Wholesome Retro was how a friend described the environment Michael and I are raising our children in. I never thought about it that way, that we were somehow retro? I just know when I was a kid, my mom made cookies and bread on the regular, and we always had dinner together. My dad worked nights for most of my childhood, so usually it was just me, my mom, brother and sister at the table, but it was at a table and not in front of the TV.
And she cooked the dinner.
Those cookies and bread were from scratch too.
No Uncle Ben's (too expensive.)
No Pillsbury slice and bake (too expensive, and not really tasty.)
The only take out we had was an occasional bucket of chicken, and Rubino's pizza on Friday nights.
That's what I do too. Maybe more intensely than my mom, because I am me. But from scratch is my way to go. I have tricks and short cuts of course, and it's taken me years to figure out the best way to make a tiny New York kitchen work to my advantage. It was only a year ago that we renovated and made our kitchen the Shangri-La it is today. A dishwasher, a full sized stove, a big fridge with a bottom freezer, and CABINETS! My point is, is that it has always felt important to cook for myself, my husband and now my children. I figured out how to cook for one, then added on.
When I moved to New York it was out of necessity to figure out the mysteries of the kitchen once and for all, I was poor and it was cheeper and better for me than eating take out. I had spent years bopping around the country working at theaters, and not having my own kitchen, before that in an unhappy marriage where I was berated about my cooking because it wasn't as good as my mothers.
At least I tried. The only way to become good at something is to practice. So once I was in a place long enough to really really practice that's what I did. What I do.
A year ago I gave myself a cooking challenge. Maybe it was part of the nesting that occurs when you are waiting for the birth of a child. I decided a month before our son Noah was born that we were going to stop buying bread and I was going to bake bread for us. I wasn't sure how I was going to do it. We're busy. Sometimes we're really really busy. What about the summer? When it's 90 degrees. What then.
Well. It's a little over a year later, and I did it.
There were a few times over the summer where we bought bakery bread, and we also buy the occasional hamburger potato bun. The toast and sandwiches we have consumed over the last year have primarily been bread that I have made. I have to thank the woman who writes the blog www.butterpies.com because that blog got me started. She had a recipe for a fast crusty loaf that helped me get over the hump, and the recipe through all of my revisions and add ons still is one that I use primarily.
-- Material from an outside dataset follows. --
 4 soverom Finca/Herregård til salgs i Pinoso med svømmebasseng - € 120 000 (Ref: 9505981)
I found the blog one night when Michael and I were having soup for dinner and craving some fresh bread. An hour later we had what we wanted.
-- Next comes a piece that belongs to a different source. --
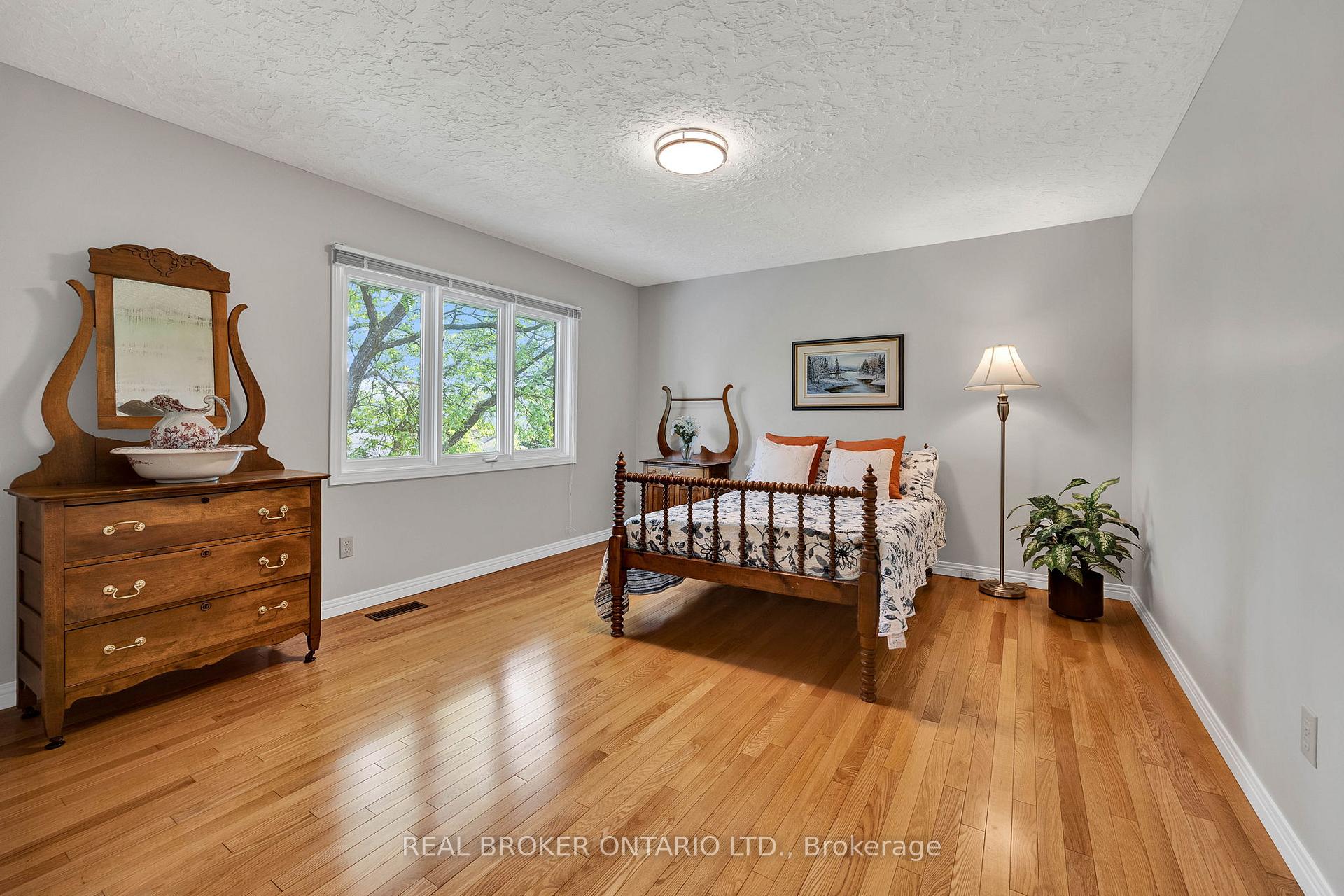 Photo 18 of 54 Burnt Ember Court, Kitchener — HOMEH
Yesterday I used a new recipe. I happened to look at the back of the Gold Metal Flour bag and it had a recipe for honey whole wheat bread. That's basically what I make anyway, but this had a few extra steps, a longer rise and looked interesting. It was spectacular. The extra steps were worth it, and developed the gluten in a way that made a nice tall loaf that didn't collapse when I put it in the oven. I tweeted about it, and it tickled me that Gold Metal Flour retweeted my picture, and tweeted me back saying I was on the right track with my dough.
This year my next cooking adventure is launching Harlem Souper Heroes
But I'm going to continue to bake our bread. My experiment has become our life style and has changed us for the better.
So we are a wholesomely retro household. Where there will be cookies in the cookie jar, pizza on Friday nights, and fresh bread every week.